Question

The perimeter of an isosceles triangle is 42 cm and its base is $\left(\frac{3}{2}\right)$ times each of the equal sides. Find the length of each side and area of the triangle.

Answer 1

Let a, b and c be the sides of the triangle.
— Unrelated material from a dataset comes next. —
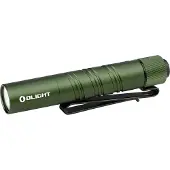 Olight i3T 2 EOS Lampe de poche OD Green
Here, a = b and $c\left(\mathrm{base}\right)=\frac{3}{2}a$.
Since the perimeter of the triangle is 42 cm, so
$$\begin{gathered} a+b+c=42 \\ \Rightarrow a+a+\frac{3}{2}a=42 \\ \Rightarrow a=12\mathrm{cm} \\ \Rightarrow c=\frac{3}{2}\times a=\frac{3}{2}\times 12=18\mathrm{cm} \end{gathered}$$
Therefore, the lengths of the sides of the triangle are 12 cm, 12 cm and 18 cm.
Now
$$\begin{gathered} s=\frac{a+b+c}{2}=\frac{12+12+18}{2}=21\mathrm{cm} \\ \mathrm{Area}\mathrm{of}\mathrm{triangle}=\sqrt{s\left(s-a\right)\left(s-b\right)\left(s-c\right)} \\ =\sqrt{21\left(21-12\right)\left(21-12\right)\left(21-18\right)} \\ =\sqrt{21\left(9\right)\left(9\right)\left(3\right)}=27\sqrt{7}{\mathrm{cm}}^2 \end{gathered}$$
Hence, the area of the triangle is $27\sqrt{7}{\mathrm{cm}}^2$.